In the past, a photographer has had to manually move the focus point bit by bit to create a good focus stack. Given the very small movements required and the sheer number of images for a quality macro focus stack, this can be very time consuming and is prone to error if you overshoot focus on a few images.
The E-M10 Mark II automates that process completely. You simply select focus bracketing, select a degree of movement (lower numbers move the point less than higher numbers) and select the number of exposures. You then focus at the closest point that you want in focus, click the shutter, and the camera takes a series of images moved precisely in exact increments, covering the number of shots you wish to shoot. A few things of note. First, this process uses the electronic shutter, I’d imagine to avoid shutter vibration and save actuations on the mechanism, as you can blow through over a hundred frames in a single stack. This is great, though be careful if shooting under fluorescent lighting at certain shutter speeds, as banding can be induced due to the flicker of the lights.
The shot below is at around 1:2 magnification with the Olympus 60mm f/2.8 macro. For optimal sharpness, I wanted to use an aperture of f/4. Because of the deep depth of field required, f/4 isn’t an optimal aperture for getting the entire flower in focus. Below is what one frame at f/4 looks like for this image.
Using the Focus Bracketing feature, however, I was able to take 130 images with very small focus changes to get the entire flower in focus with optimal sharpness. I stacked the images using Helicon Focus, and the result of the stack is shown below:
The result is an extremely detailed look with depth of field from front to back. The best part? It took less than 30 seconds to take all 130 images with perfect focus movement. This is an exceptional feature.

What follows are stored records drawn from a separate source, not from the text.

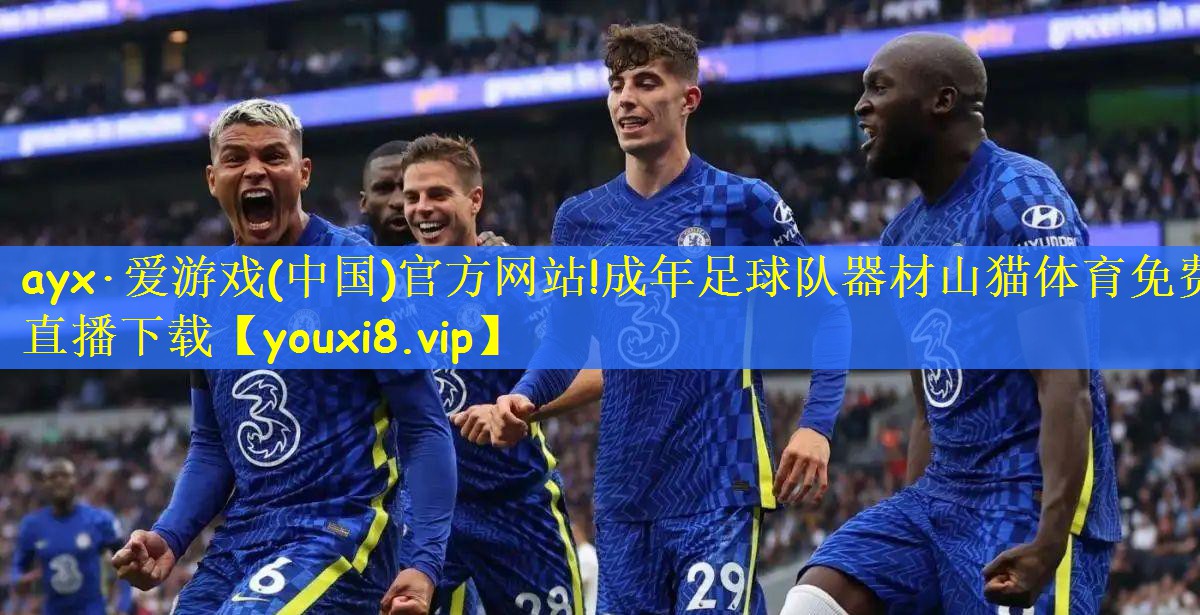 ayx·爱游戏(中国)官方网站!成年足球队器材山猫体育免费直播下载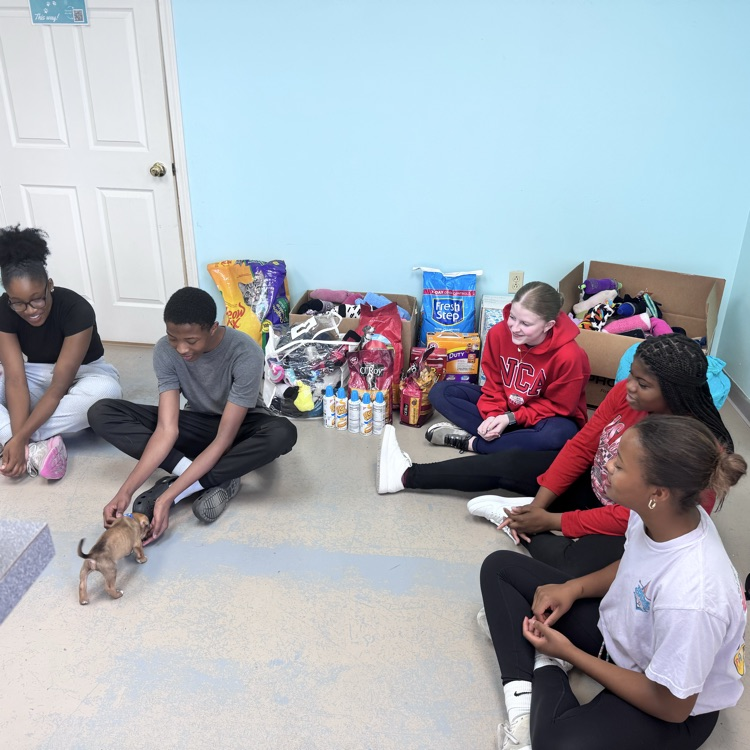 animal shelter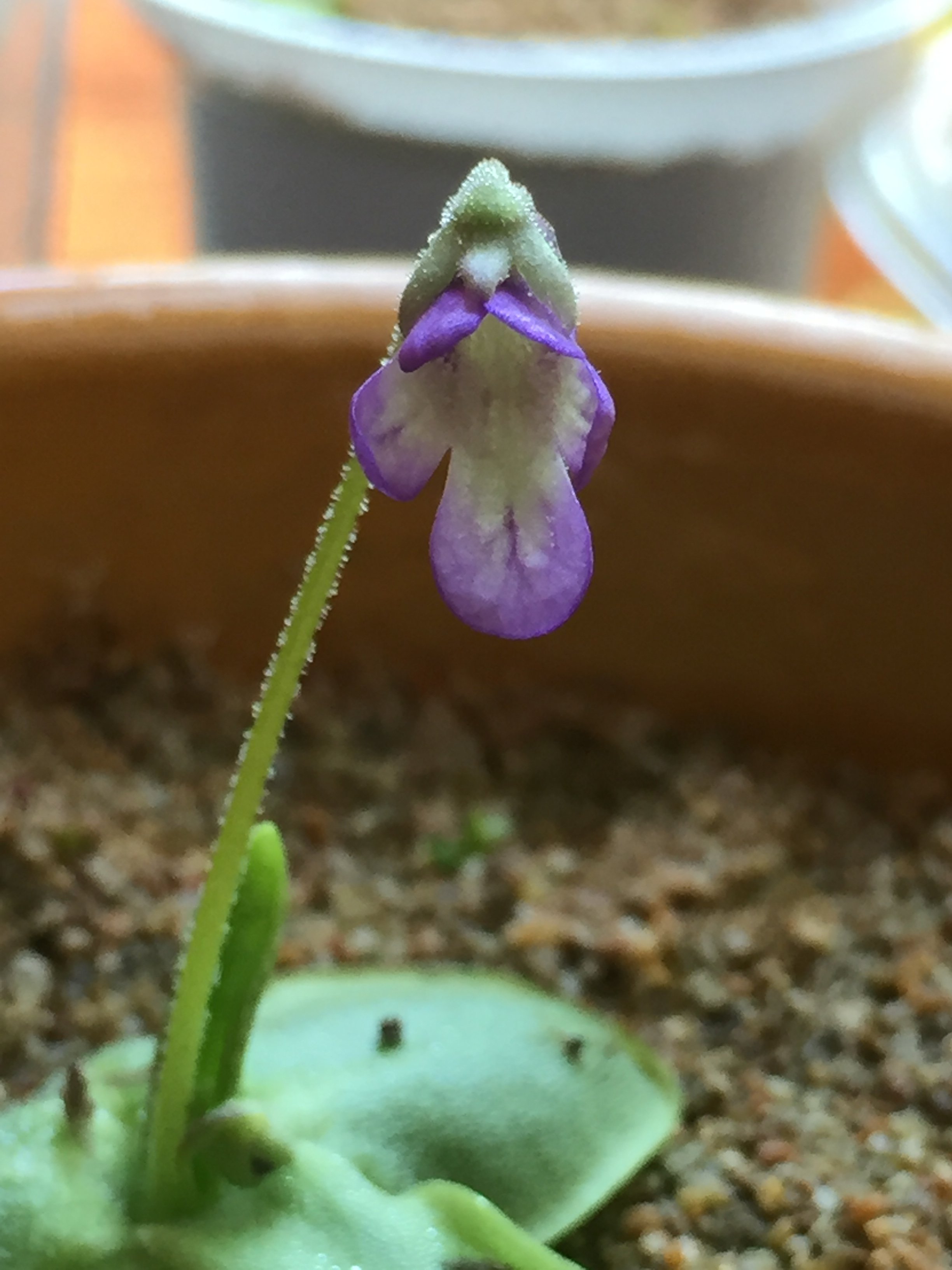 ping ID? Pinguicula Carnivorous Plants UK ping ID? Pinguicula Carnivorous Plants UK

Live Bulb, Live Time and Live Composite
The E-M10 Mark II continues the tradition of Olympus cameras with a “Live Bulb” mode. Live Time mode is essentially the same thing, but is triggered differently, allowing you to start a bulb exposure with one press of the shutter and stop exposure with a second press. In both cases, the E-M10 Mark II allows you to watch the exposure develop on the rear LCD as it’s being made. This is a wonderful feature for very long exposures, as often multi-minute exposures can be difficult to properly meter. Stop that 10 minute exposure too early or too late and you’ve just wasted a lot of time. With the live bulb and live time features, you can watch the exposure on the rear and simply choose to stop the exposure when it looks how you want it to look.

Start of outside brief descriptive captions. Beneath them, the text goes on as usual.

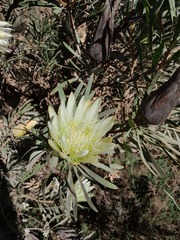 Protea repens
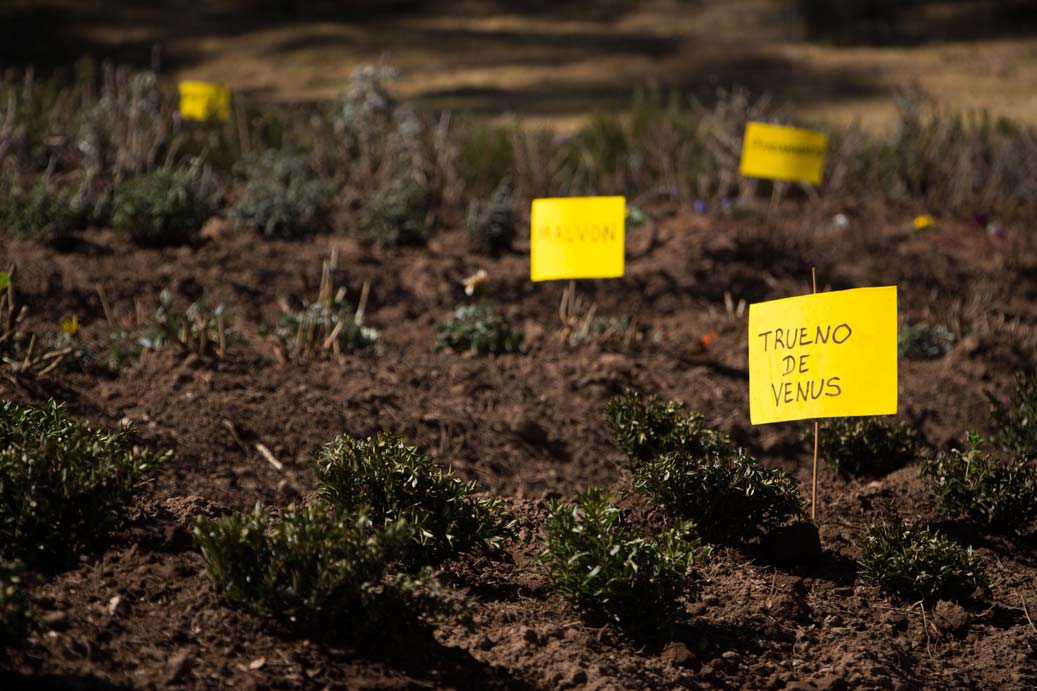 Aliados protegen la Ruta Monarca 0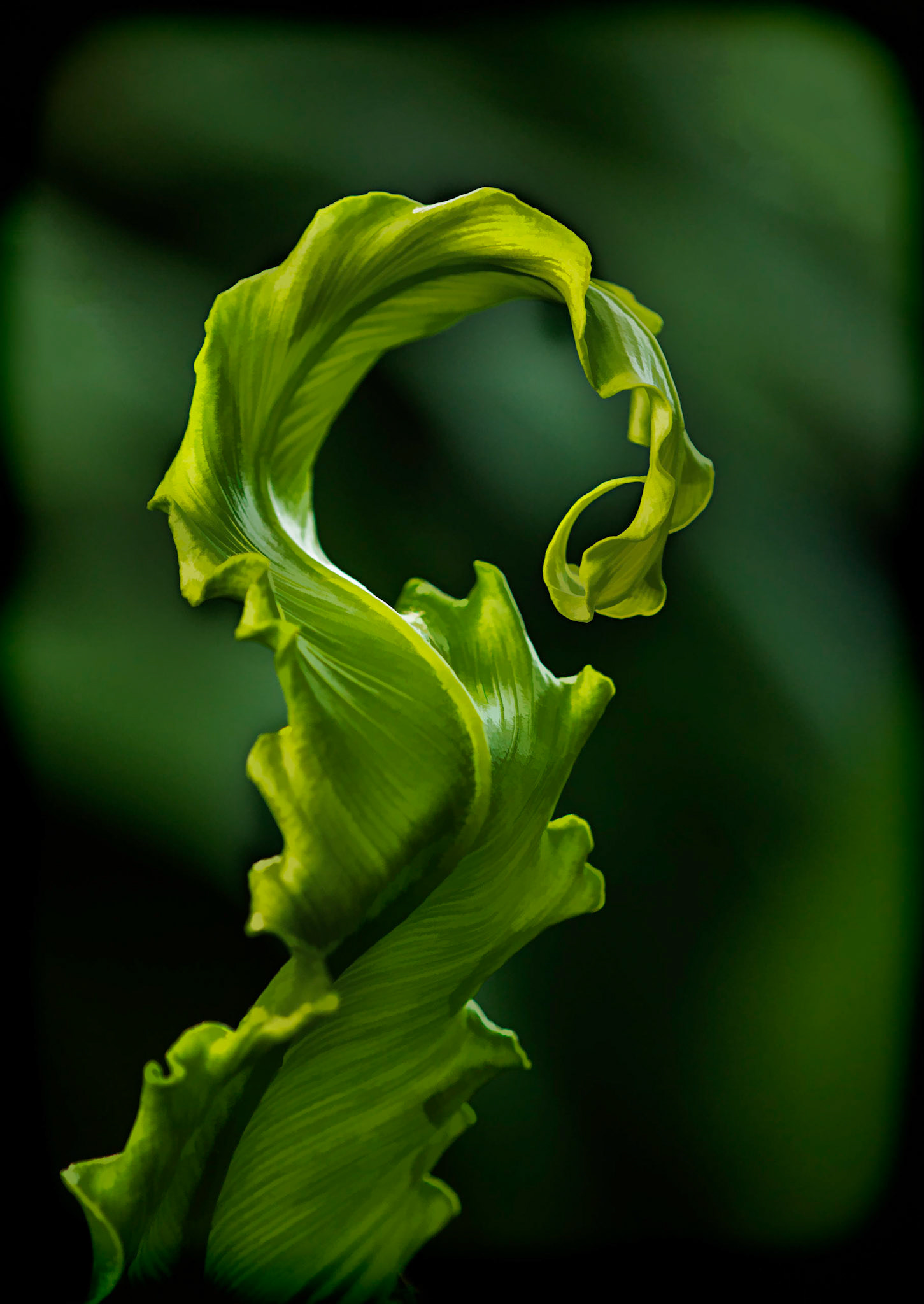 1st place digital 3/14 ACC. HM eoy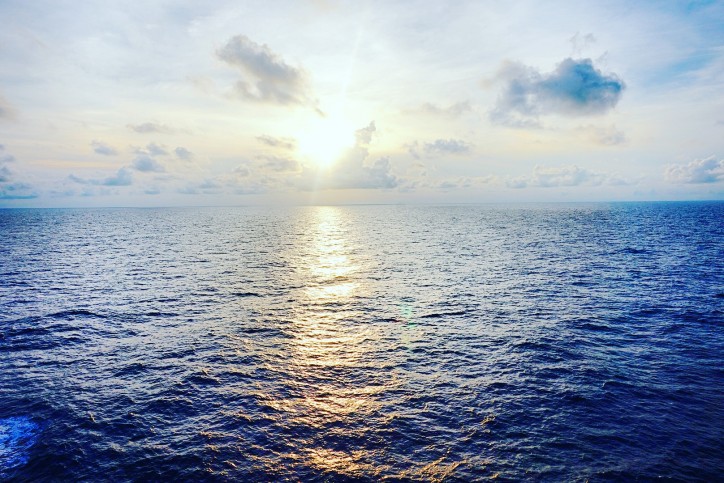 image017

A third addition to these features includes Live Composite. This lets you composite long exposures to capture motion or developing lights without overexposing the overall image. This works by allowing you to set an exposure time, and then continuous exposures of that length are made and composited in-camera. If you’ve ever taken star trails or combined multiple shots of fireworks or the like, you know that stacking multiple images of a shorter duration delivers cleaner images and makes shooting with a bright foreground much easier. Because this is a live composite, you can see the exposure develop just like you can with the bulb features before. While these features do drain battery due to the always on rear screen, these features make shooting long exposures quite a joy.